The decree included the transportation of the Greek population, as well as special privileges for the establishment of agriculture, fisheries, trade and industry. One of the pioneers was Archbishop Ignatius, and about 19,000 Greeks moved with him.

In 1807, Mariupol and the surrounding Greek villages were recognised as an independent administrative unit with an exclusively Greek population. In 1824, a stone church was built in the town in honour of the Holy Great Martyr George the Victorious in the tradition of Greek architecture.

From 1825 to 1831, the Mariupol Theological Seminary operated in the village.

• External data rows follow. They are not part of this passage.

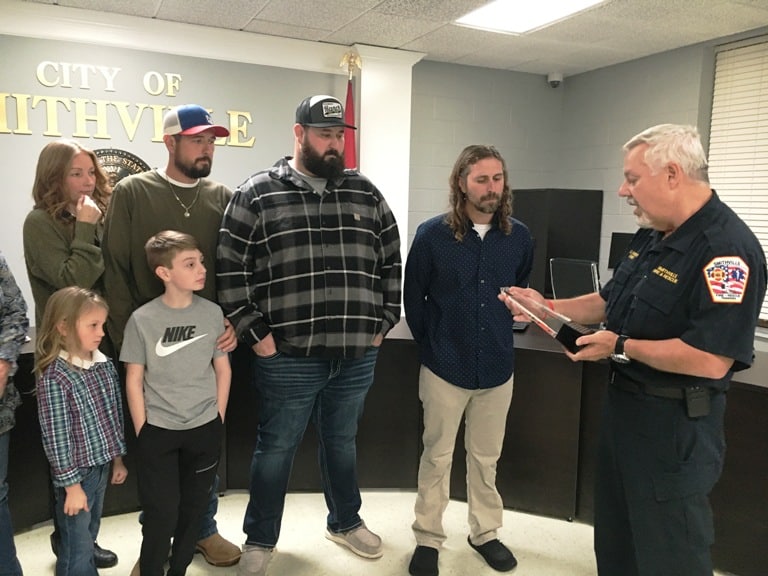 Fire Chief Charlie Parker presented the family of Hoyte Hale a special award on behalf of the department and a flag from Hale’s graveside service.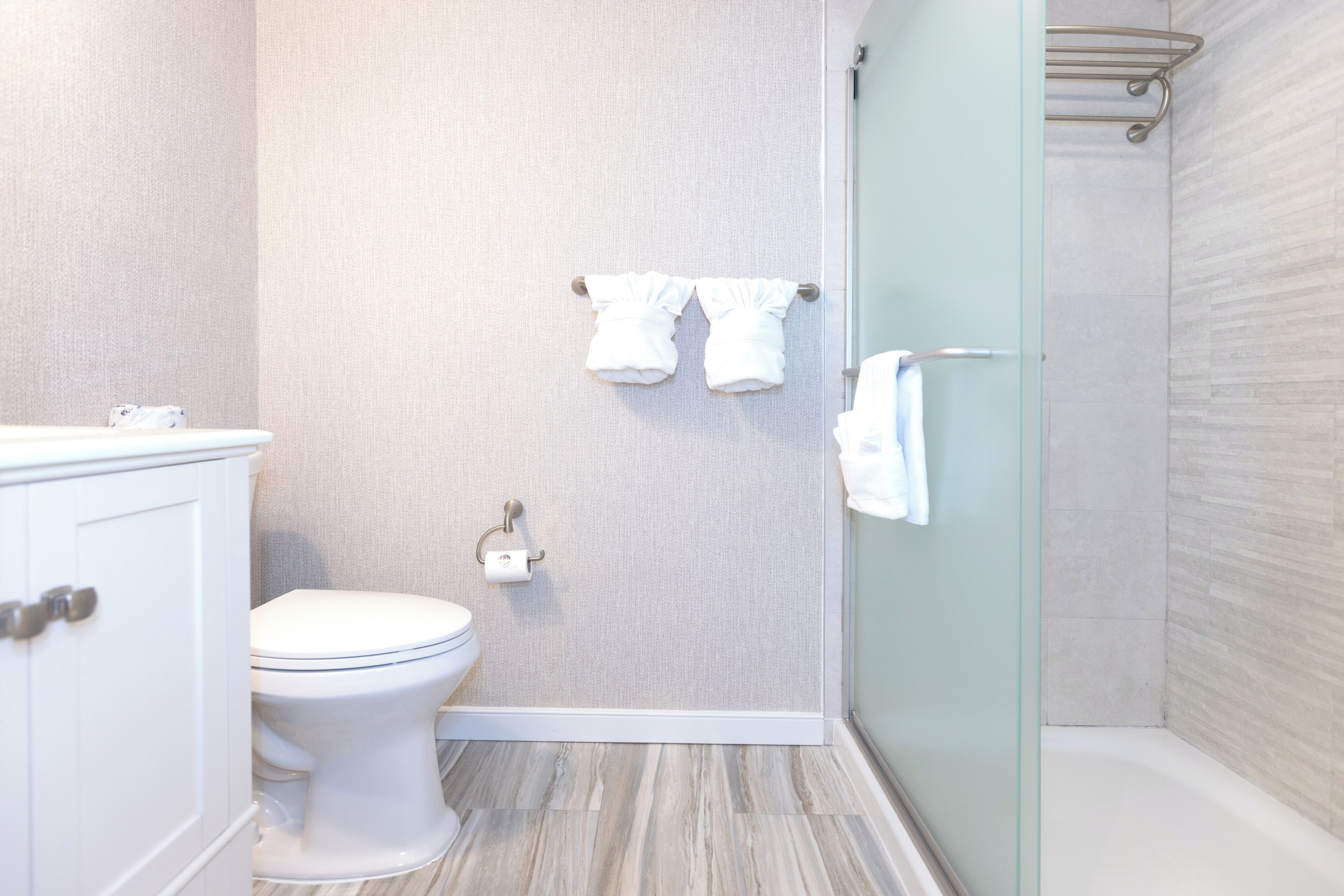 Un baño con inodoro, toallero y zona de ducha.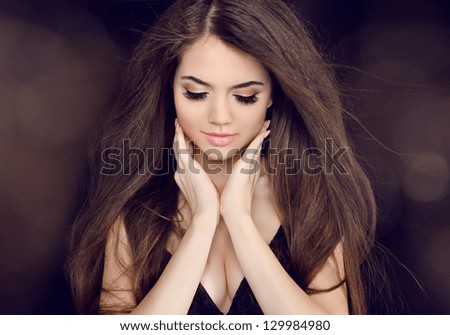 Beautiful woman with long brown hair. Fashion long hairstyles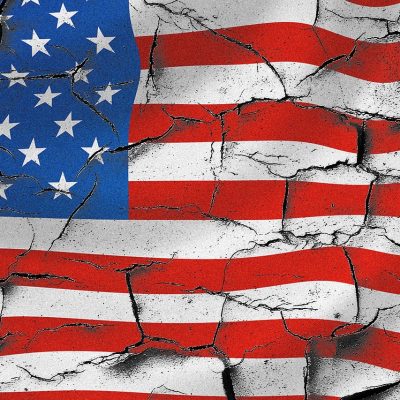 Photo of a cracking American flag. Courtesy of pexels.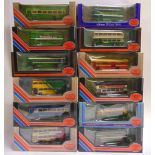 TWELVE 1/76 SCALE EXCLUSIVE FIRST EDITIONS DIECAST MODEL BUSES each mint or near mint and boxed.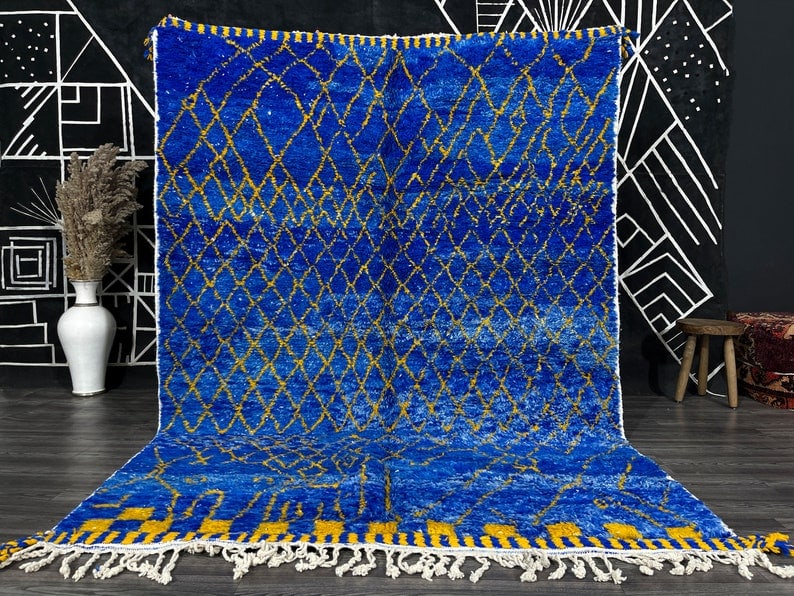 Authentic Blue Handwoven Rug from Morocco 100% Sheep Wool: Authentic Blue Handwoven Rug from Morocco 100% Sheep Wool Discover the beauty of this stunning authentic blue rug, handwoven in the Atlas Mountains by skilled local Berber women weavers. Crafted using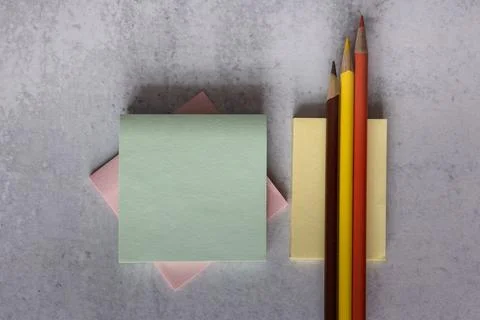 Flat lay background of stacked square note pads and pencils Stock Photos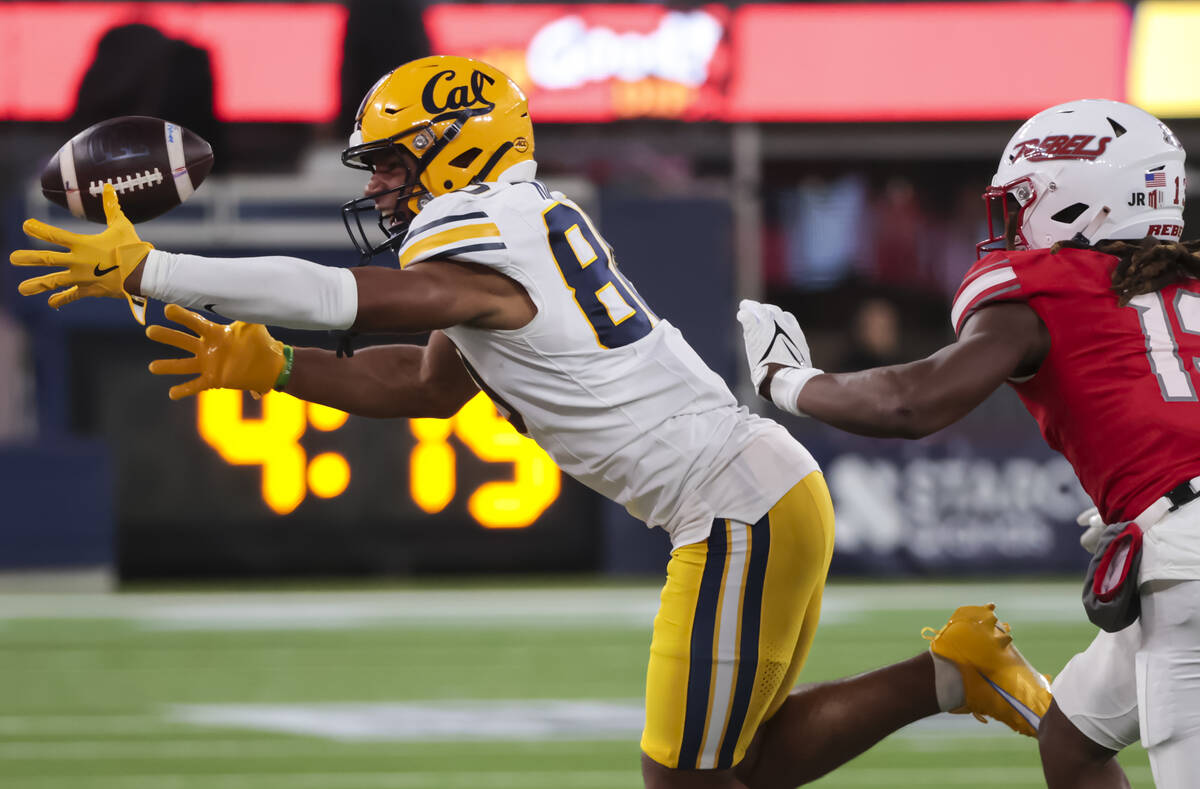 Cal wide receiver Jordan King (80) comes up short on the reception under pressure from UNLV def ...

In 1898, the Belgian company SA Providence Russe opened a steelworks in Sartana, now the Ilyich Steel & Iron Works.

In 1935, the Greek folk song and dance ensemble “The Diamonds of Sartana” was founded in Sartana and became popular across Ukraine and Moscow.

In 1936, the ensemble took first place in the All-Union Review of National Minority Groups in Moscow but was forced to close in 1937 due to political repressions.

In 1967, through the efforts of Maria Gaitan and other enthusiasts, it was recreated under the name "Sartana Gems" and became the leading Greek group of the Sea of Azov and Ukraine.'

In 1987, the Museum of the History and Ethnography of the Greeks of the Azov Sea Region was founded in the village.

In 2014 and 2015, during the armed conflict in eastern Ukraine, the village suffered from direct hostilities.

On 26 February 2022, Sartana and the nearby Greek village of Buhas were allegedly shelled by the Russian Air Force during the 2022 Russian invasion of Ukraine, killing ten ethnic Greeks. The Greek Foreign Ministry, Prime Minister Kyriakos Mitsotakis, condemned the incident.

The Russian Embassy in Athens expressed condolences for the dead but added that the Russian Air Force was not responsible for the attack.

On March 1, 2022, it was reported Russia captured Sartana as part of the Siege of Mariupol.